Same 5 days data goes back in dc_requests_issued, though I see missing queries that are older than 5 hours.
Of note, you can adjust the retention policy on the data collector tables for size and/or time, so if your system is very busy and data rolls off too fast you can increase the retention to try to keep some desired amount. See the docs "Configuring Data Retention Policies" page for details on the get and set functions related to retention. If you choose to increase size or time be mindful that the files on disk for that data collector table could get large so it's good to monitor them for a while to make sure they don't bloat the Vertica footprint. They are located in the catalog dir on each node. There may be between 1 and 4 log and json files total on each host for each data collector table depending on amount of data currently retained.
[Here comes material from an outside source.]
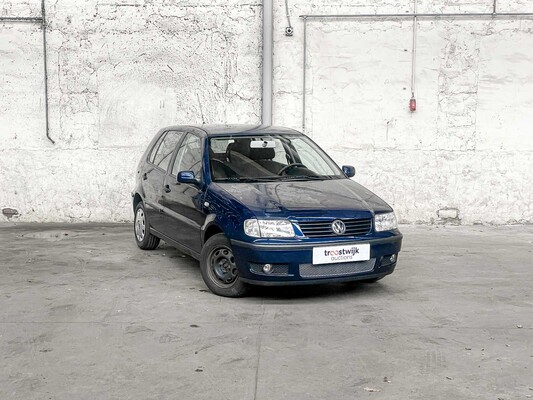 Volkswagen Polo 1.4 Comfortline 60hp 2000, 96-FZ-GL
You can see here my ProjectionsUsed only currently has 1 file as this is a new database with minimal queries running. But the ProcessInfoBySecond is tracking constantly so it has the 4 log files and 4 corresponding json files.
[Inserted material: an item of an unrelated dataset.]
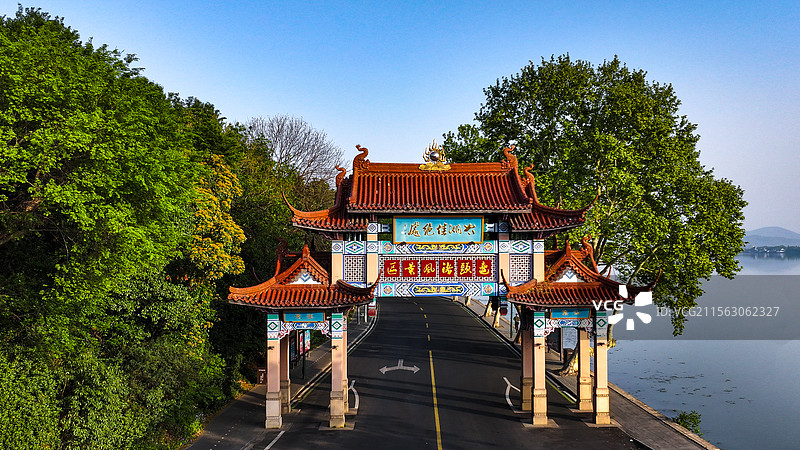 太湖风景区鼋头渚的大门图片素材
-rw-------. 1 dbadmin verticadba 6552587 Dec 21 10:09 ProcessInfoBySecond_20221221T142929.001106Z_VMart_v12.0.0-0_v_vmart_node0001.log
-rw-------. 1 dbadmin verticadba 85 Dec 21 10:09 ProcessInfoBySecond_20221221T142929.001106Z_VMart_v12.0.0-0_v_vmart_node0001.log.json
-rw-------. 1 dbadmin verticadba 6552546 Dec 21 10:49 ProcessInfoBySecond_20221221T150921.001170Z_VMart_v12.0.0-0_v_vmart_node0001.log
-rw-------. 1 dbadmin verticadba 85 Dec 21 10:49 ProcessInfoBySecond_20221221T150921.001170Z_VMart_v12.0.0-0_v_vmart_node0001.log.json
-rw-------. 1 dbadmin verticadba 6552548 Dec 21 11:29 ProcessInfoBySecond_20221221T154913.001222Z_VMart_v12.0.0-0_v_vmart_node0001.log
-rw-------. 1 dbadmin verticadba 85 Dec 21 11:29 ProcessInfoBySecond_20221221T154913.001222Z_VMart_v12.0.0-0_v_vmart_node0001.log.json
-rw-------. 1 dbadmin verticadba 3961131 Dec 21 11:53 ProcessInfoBySecond_20221221T162905.001535Z_VMart_v12.0.0-0_v_vmart_node0001.log
-rw-------. 1 dbadmin verticadba 17913229 Dec 20 11:57 ProjectionsUsed_20221123T132838.993317Z_VMart_v12.0.0-0_v_vmart_node0001.log
Note in the aboer file listing the 3 oldest ProcessInfoBySecond files are all the same size, and the 4th is smaller. Vertica creates the first and when it reaches the size or time limit it creates a new one. It continues this until there are 4 total. Then when the last one reaches the policy limit the oldest is rolled off and a new one is created. So it's a constantly rotating set of files. In the above you can see that there rotate out about every 40 minutes. Different tables will fill and rotate at different intervals based on db activity and what's getting tracked in the table.
I hope it helps.
On unrelated note... yes data collector log files works exactly as you described.
It makes a lot of sense to compress old (i.e. non-currently written) log files with zstd.
I just tried to compress one ProjectionUsed log file with zstd, it compressed to 3.5% of original.
That will be a huge disk space saver. In 3G allocated for data collector, it will fit 30 times more data.
Please consider filing internal new feature request, compress with zstd old data collector log files.